To the Hub minimalists - Doing nothing will get the Hub nowhere. Bitcoin had a killer application in its early days driving adoption - the silk road. As of now there is no “silk road” for ATOM. ATOM won’t just magically end up in people’s wallets without a little effort.

To advocates for aggressive action - When spending is controlled by few players community trust is eroded. When spending decisions are made irrespective of market forces, information is lost to central planning. The solution starts with establishing systems for accountability to ensure proper incentives and restore community trust.

While these might not be the end state of committees, two concrete interventions that I believe are worth trying to this end are :

  • Optimistic governance : To restore trust in community spending and impose proper incentives, a system of optimistic governance should be adopted.
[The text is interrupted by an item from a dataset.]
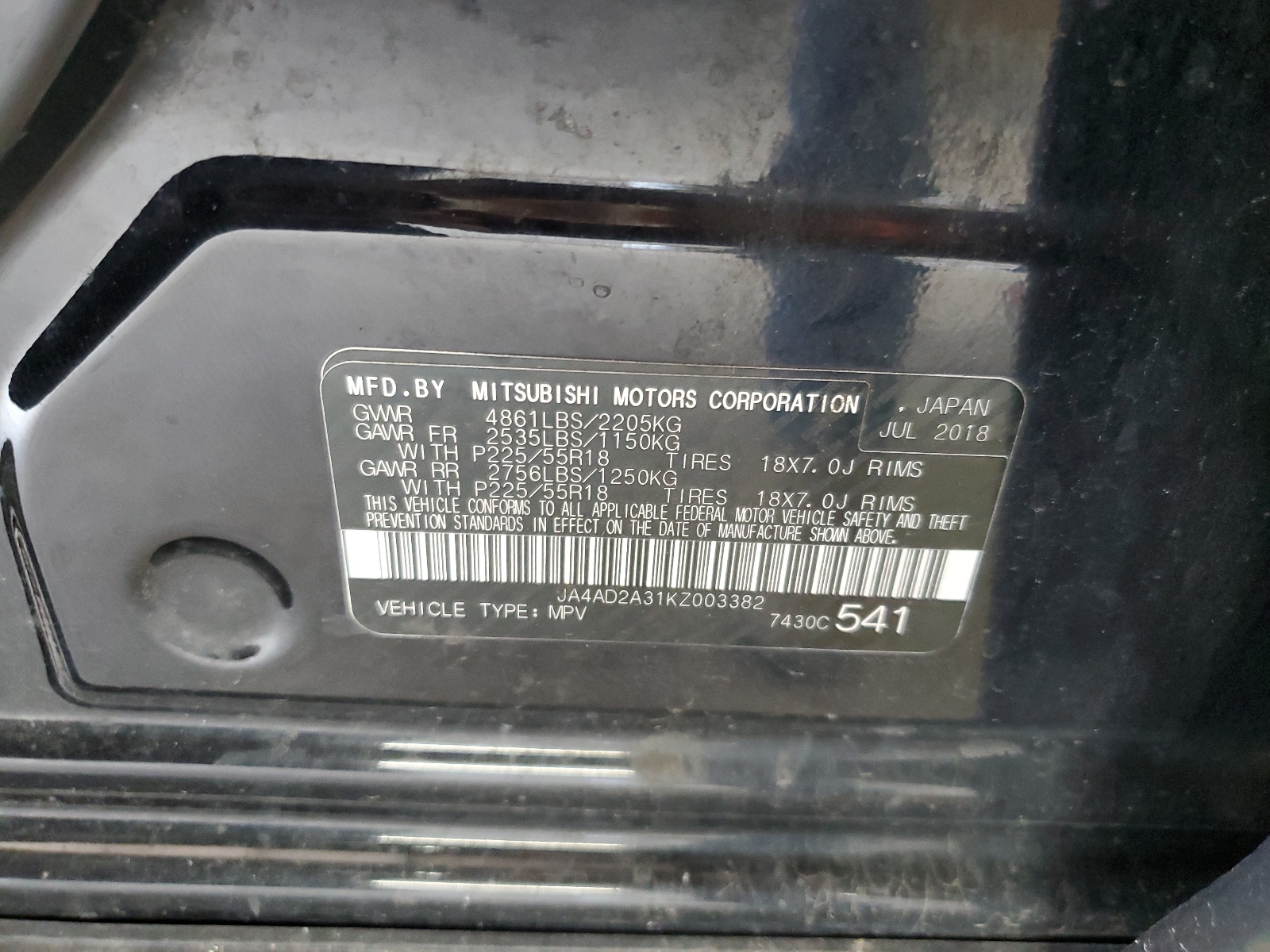 JA4AD2A31KZ003382 2019 Mitsubishi Outlander Es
If an entity has or is going to be funded, it needs an oversight committee that can revoke its access to capital at any point. Optimistic governance is a good choice, because experts should be empowered to make decisions quickly while facing concrete repercussions if they abuse the trust. The oversight committee should be made up of knowledgeable volunteers knowing and willing to engage in good faith and without major conflicts of interest. Governance would play the role as the ultimate oversight over the committee. (Shoutout to Nicholas and Thyborg for insightful conversations on this idea.)
  • Iterative, Tranched Allocation : Portfolio rebalancing and spending proposals should be tranched. Before a tranche is initiated, an objective committee establishes the objective function / KPIs for focus in this tranche. The spending and liquidity injection proposals are then made in the context of being good interventions to meet the objective functions / KPIs established by Hub governance. Over the course of a tranche, the performance of each intervention is tracked by the receiving party and presented before the objective committee sets the next objective function / KPIs for the following tranche. This will allow the objective committee to adjust its assumptions in light of new information. The goal of this is to create a system of accountability for underperforming proposals and a competitive market for emerging proposals. The combination of accountability and market based incentives should elevate the quality of proposals and in turn the effectiveness of Hub governance and Hub growth.

I also strongly support WillB’s recent post on getting the ICF more involved in funding and growing the Hub. While they’ve supported the efforts to bring ICS to market tremendously through funding, strategy and BD, now is a better time than ever to double down on growing the chain where it all started. The Hub needs all the resources it can get if it is to emerge as a successful protocol within crypto.

Open Questions

Tldr : Some open questions for the community to answer in the comments or their own posts.

  • What do you think the Hub should focus on and what are some objective functions / KPIs that can measure them ?
  • Who should be on the objective committee ? Why?
    • Note : The objective committee refines objective functions / KPIs and the weights given to them.
  • How long should tranches be ? Why?
    • Note : there’s a balance to be struck between allowing time for long-term results to materialize and accountability.
  • Who should be on the oversight committee ? Why?
    • Note : The oversight committee can revoke privileges and customize parameters (e.g., rate limiting) on the smart wallet used to fund proposals.

If there are enough answers and interest from the community, I am happy to extend an open invite to collaborators on turning this into a proposal.

Parting Thoughts

Tldr : Be open to new ideas, disclosing biases again, shoutouts.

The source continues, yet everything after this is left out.